• _DATA SUPPLIED_:
|---|
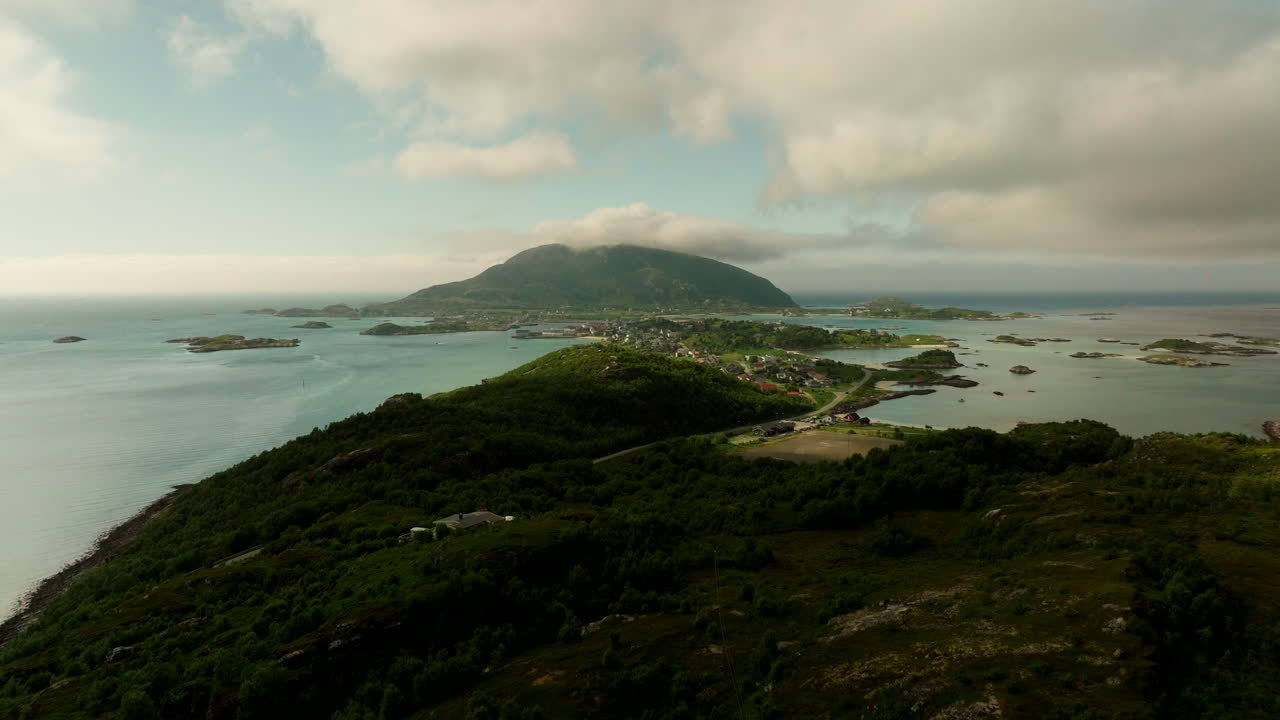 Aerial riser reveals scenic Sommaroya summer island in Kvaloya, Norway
|---|
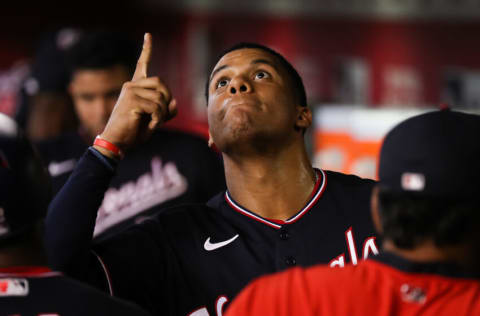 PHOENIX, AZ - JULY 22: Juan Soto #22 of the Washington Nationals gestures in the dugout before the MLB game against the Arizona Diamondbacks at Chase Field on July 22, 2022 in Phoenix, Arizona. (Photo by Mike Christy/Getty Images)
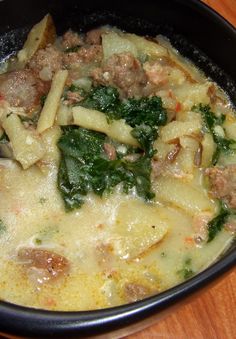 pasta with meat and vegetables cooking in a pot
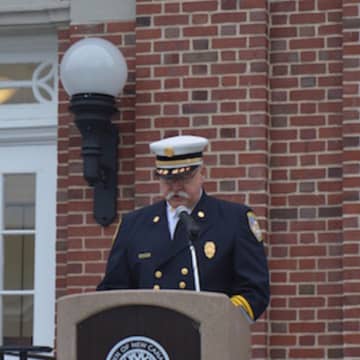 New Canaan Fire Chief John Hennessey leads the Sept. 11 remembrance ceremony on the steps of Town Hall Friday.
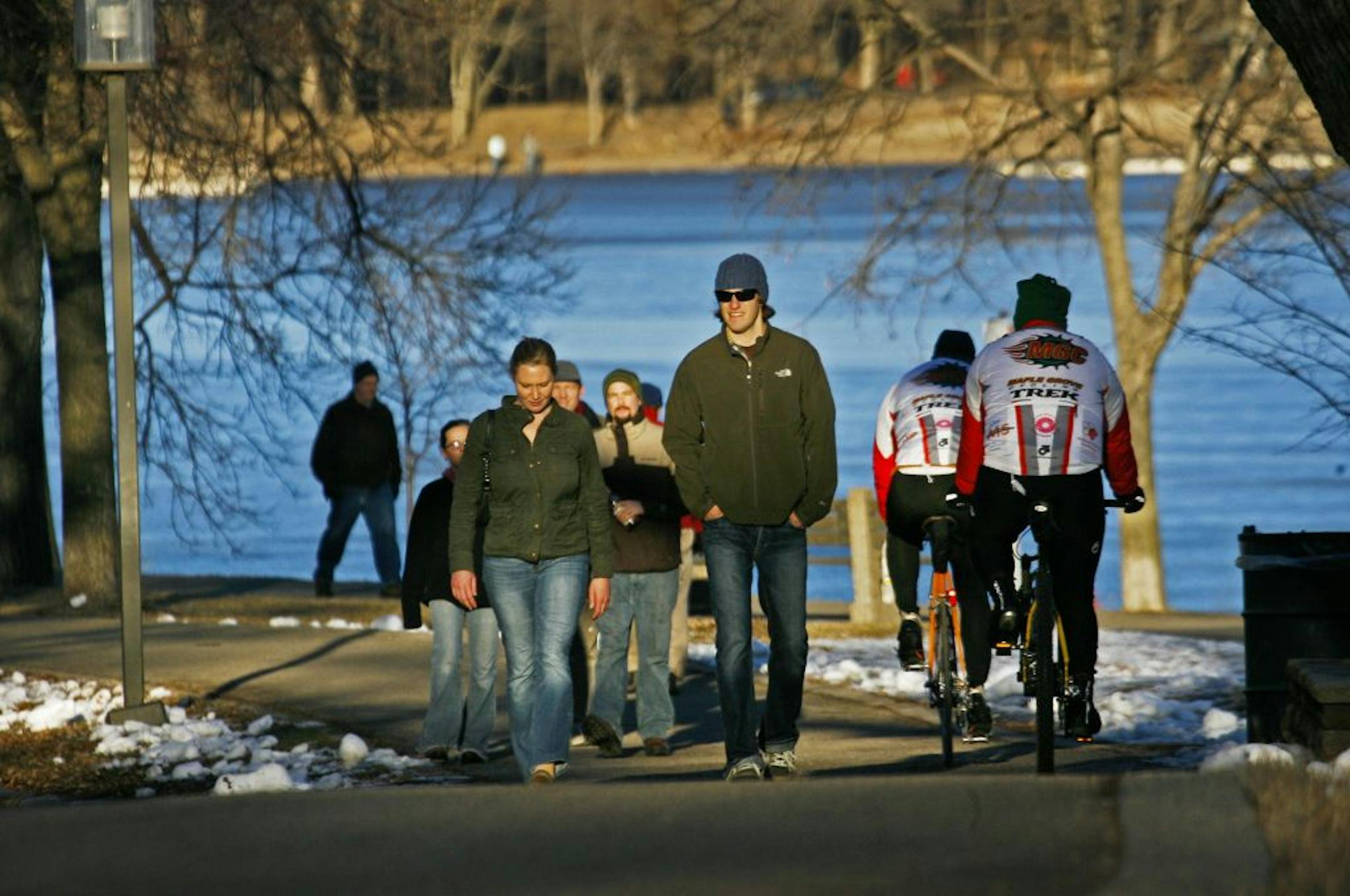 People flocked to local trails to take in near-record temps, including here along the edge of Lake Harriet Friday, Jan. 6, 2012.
|---|
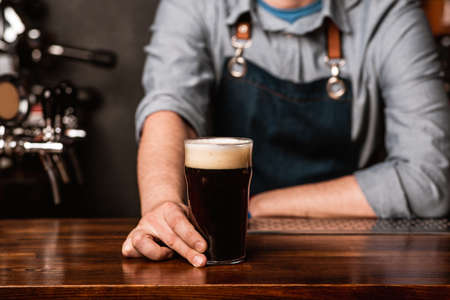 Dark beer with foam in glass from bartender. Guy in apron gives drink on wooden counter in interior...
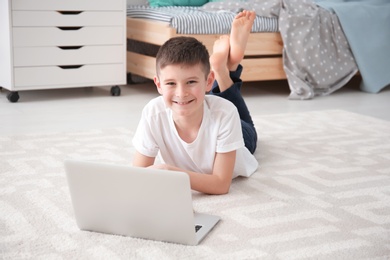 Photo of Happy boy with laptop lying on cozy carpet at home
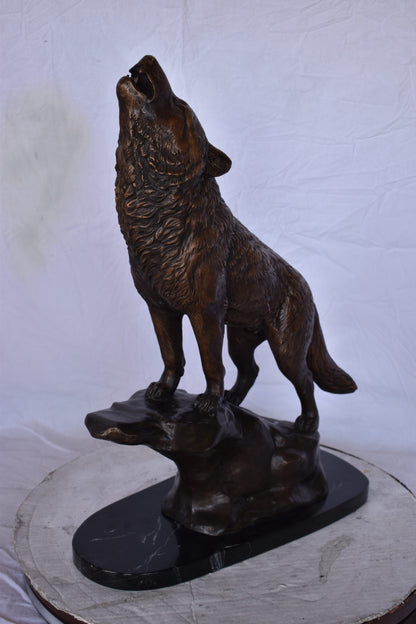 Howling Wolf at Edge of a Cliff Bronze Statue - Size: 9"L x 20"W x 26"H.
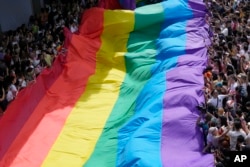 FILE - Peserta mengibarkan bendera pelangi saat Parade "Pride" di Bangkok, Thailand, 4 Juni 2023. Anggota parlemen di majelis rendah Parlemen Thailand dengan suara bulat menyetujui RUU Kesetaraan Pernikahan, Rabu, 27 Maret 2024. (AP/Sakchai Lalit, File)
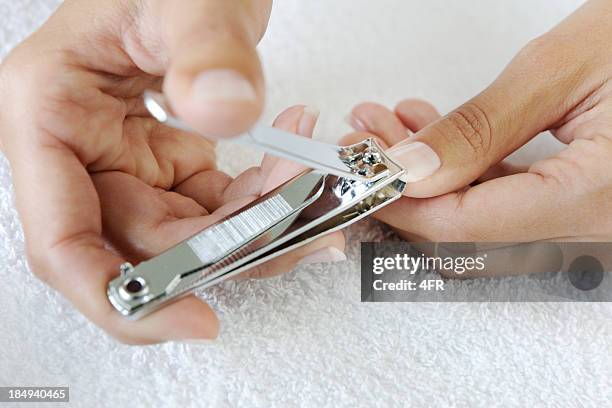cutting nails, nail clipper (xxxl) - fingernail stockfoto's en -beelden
|---|
• _GOAL OF THE EXERCISE_: Produce an exact reproduction of the listing above, limited to the lines starting at the line with "Dark beer with" and ending at the line with "cutting nails, nail", both kept, with every picture left out.

• _THE ANSWER_:
 Dark beer with foam in glass from bartender. Guy in apron gives drink on wooden counter in interior...
 Photo of Happy boy with laptop lying on cozy carpet at home
 Howling Wolf at Edge of a Cliff Bronze Statue - Size: 9"L x 20"W x 26"H.
 FILE - Peserta mengibarkan bendera pelangi saat Parade "Pride" di Bangkok, Thailand, 4 Juni 2023. Anggota parlemen di majelis rendah Parlemen Thailand dengan suara bulat menyetujui RUU Kesetaraan Pernikahan, Rabu, 27 Maret 2024. (AP/Sakchai Lalit, File)
cutting nails, nail clipper (xxxl) - fingernail stockfoto's en -beelden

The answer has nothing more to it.